By Barbara Ott, Butte County Master Gardener, April 19, 2016.
The word Bonsai is a translation from Japanese and literally means “planted in a tray,” a definition which indicates the relationship between these miniature trees and the low pottery containers which complement them. The pot ‘frames' the tree and creates a sense of harmony, without detracting attention from the tree. This horticultural art form was first developed by the Chinese (as penjing) and then refined under the influence of Japanese Zen Buddhism over a thousand years. A bonsai tree has been subjected to a number of horticultural practices with the aim of achieving visual harmony and creating a living object worthy of contemplation. The gardener tells a story through living illusion, a representation of a tree as it lives in the elements of nature (water, ice, wind, rocks) over time.
Bonsai are created from woody-stemmed evergreen or deciduous trees or shrubs that produce true branches and tolerate having their root/food storage capability restricted through crown and root pruning as well as confinement in a pot. Full-size trees can grow roots that are many yards long and root structures encompassing several thousand yards of soil. In contrast, a typical bonsai container is usually less than 15 inches wide, and filled with between two and ten quarts of soil. Bonsai tree roots live in this small space. While regular mature trees grow to 16 feet or more, bonsai rarely exceed 4 feet in height, and many are under 18 inches.

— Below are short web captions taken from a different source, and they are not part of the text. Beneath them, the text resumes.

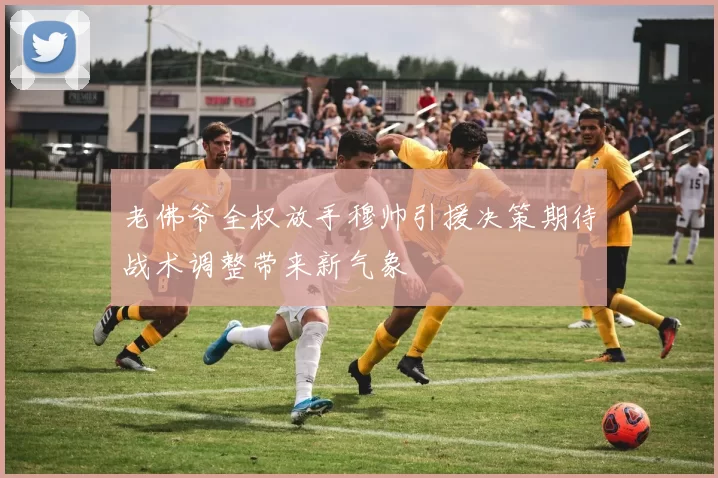 老佛爷全权放手穆帅引援决策期待战术调整带来新气象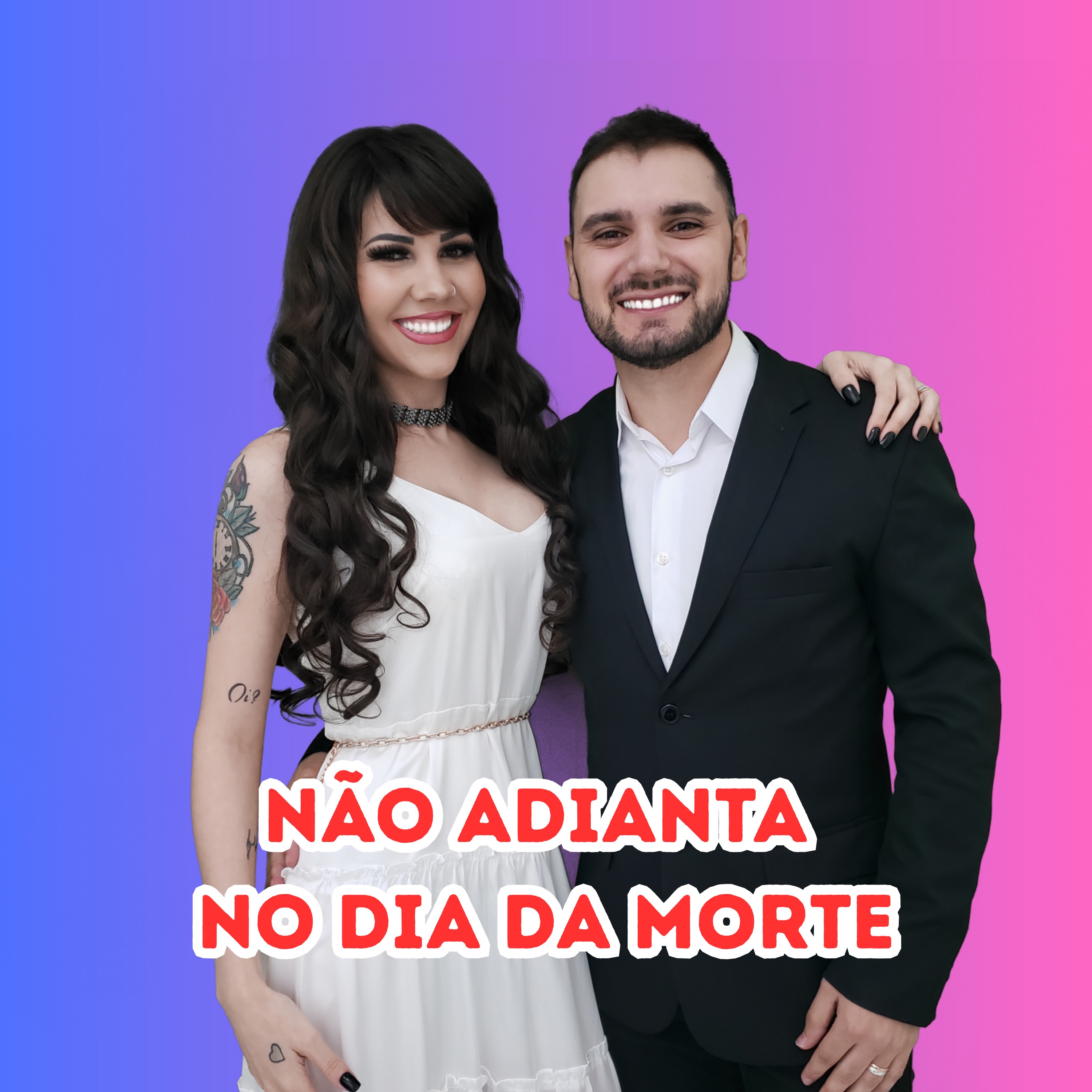 Não Adianta no Dia da Morte - Single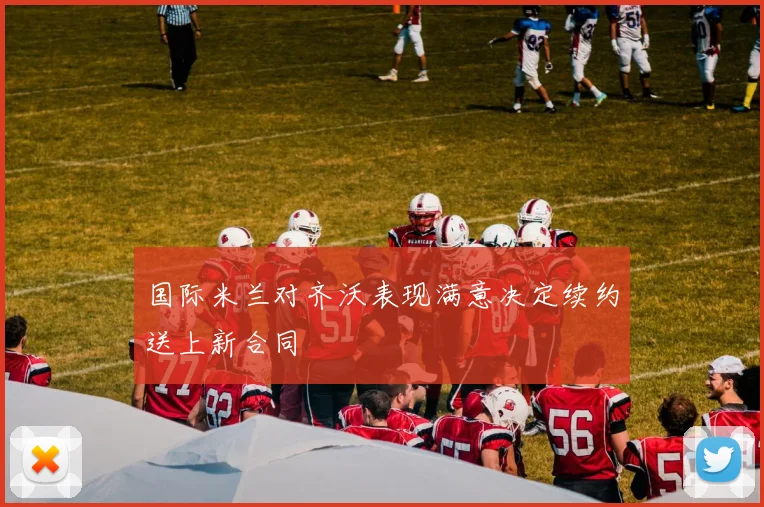 国际米兰对齐沃表现满意决定续约送上新合同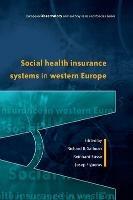 Social health insurance systems in western Europe - Richard B. Saltman - Libro McGraw-Hill Education 2004 | Libraccio.it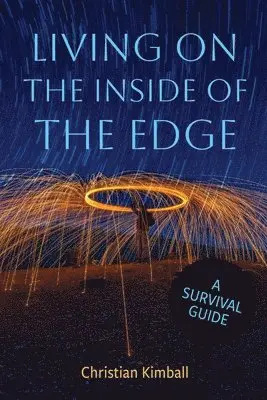 Christian Kimball - Living on the Edge of the Inside: A Survival Guide, Häftad. Tillgänglighet: Lägg i varukorg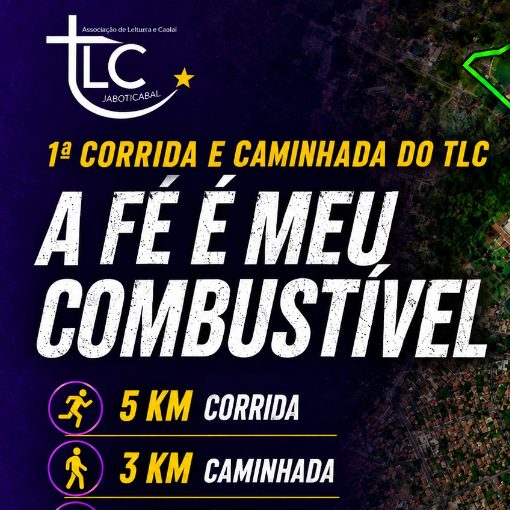 Event cover 1ª CORRIDA E CAMINHADA TLC - A FÉ É MEU COMBUSTÍVEL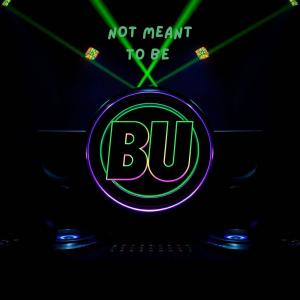 收聽Dj Buster的Not meant to be歌詞歌曲
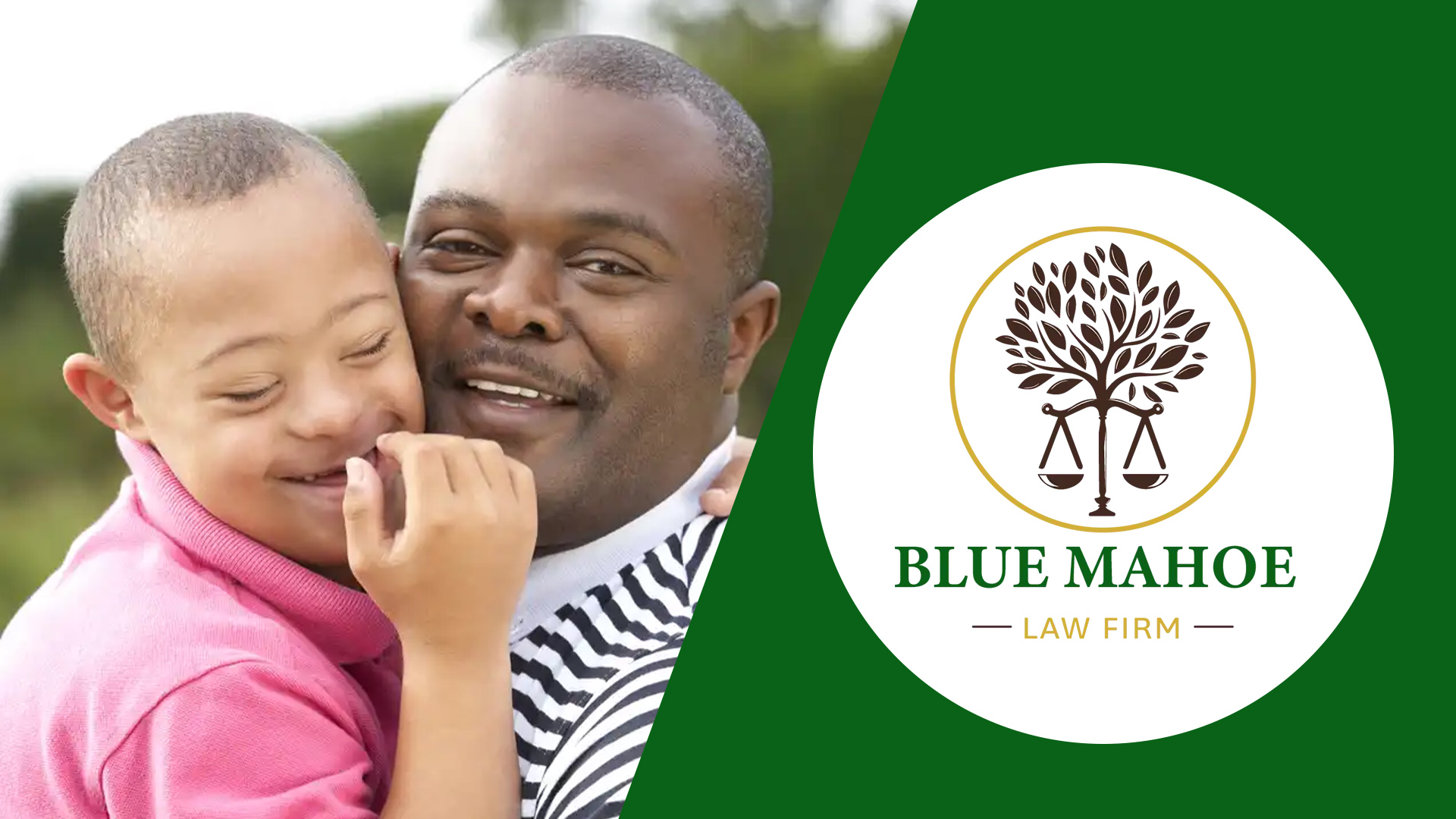 Man and child hug warmly outdoors beside a green banner with the Blue Mahoe Law Firm logo and tree emblem on a white circle.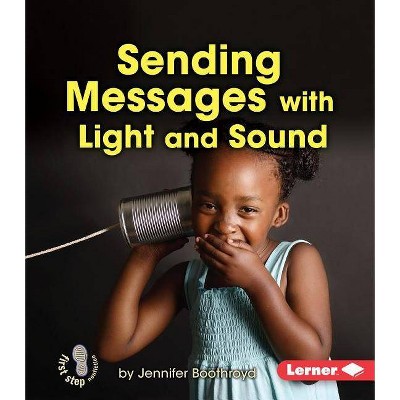 Sending Messages with Light and Sound - (First Step Nonfiction -- Light and Sound) by  Jennifer Boothroyd (Paperback)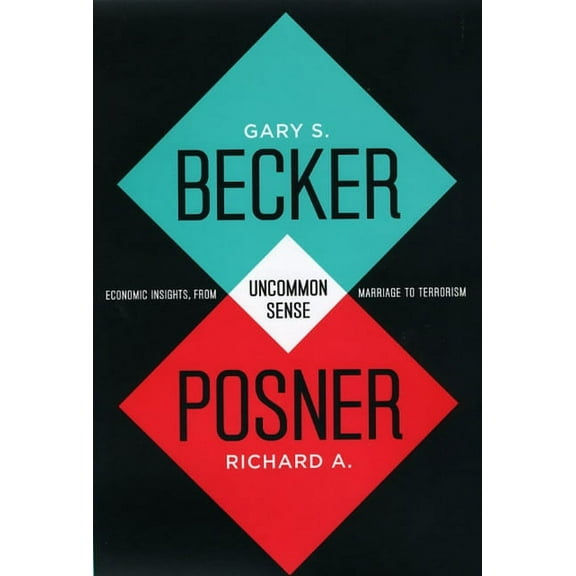 Uncommon Sense : Economic Insights, from Marriage to Terrorism (Hardcover)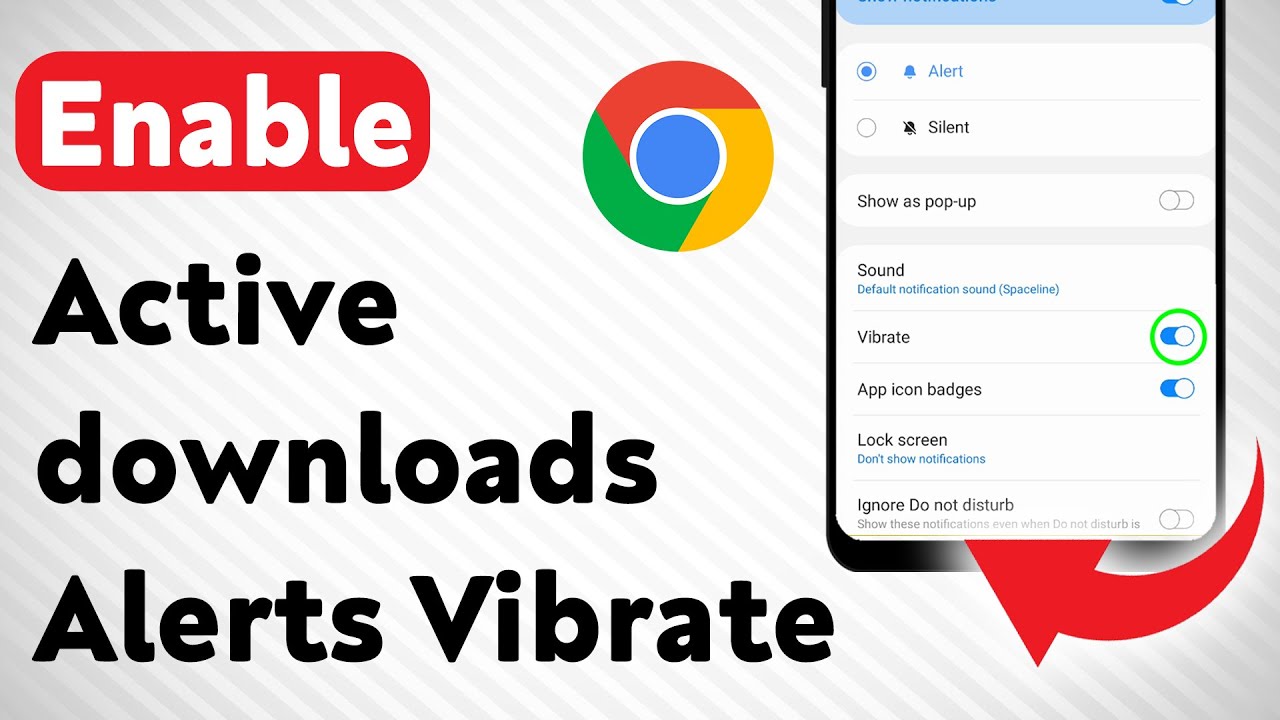 Как включить вибрацию уведомлений об активных загрузках Chrome на Android (обновлено)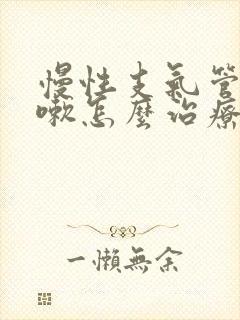 慢性支气管炎咳嗽怎么治疗才能除根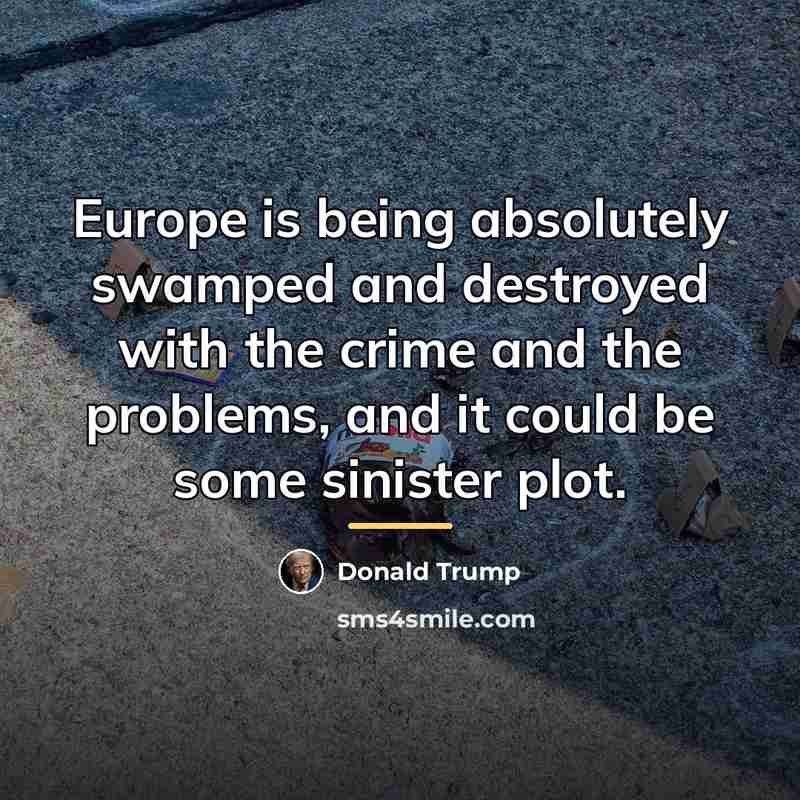“Europe is being absolutely swamped and destroyed with the crime…” quote by Donald Trump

The confined root systems of bonsai trees affect the maturation, transpiration, nutrition, pest resistance, and many other aspects of tree biology. Skill is needed to control the degree of stress that a tree will tolerate while remaining healthy. Bonsai gardeners use cultivation techniques of pruning, root reduction, potting, defoliation, and grafting to produce small trees that mimic the shape and style of mature, full-size trees. To maintain healthy trees, they develop the knowledge to recognize the degree to which a particular technique is required, and how much is too little. Most bonsai are outdoor plants needing some protection from severe elements. Some tropical bonsai need to be brought indoors in winter.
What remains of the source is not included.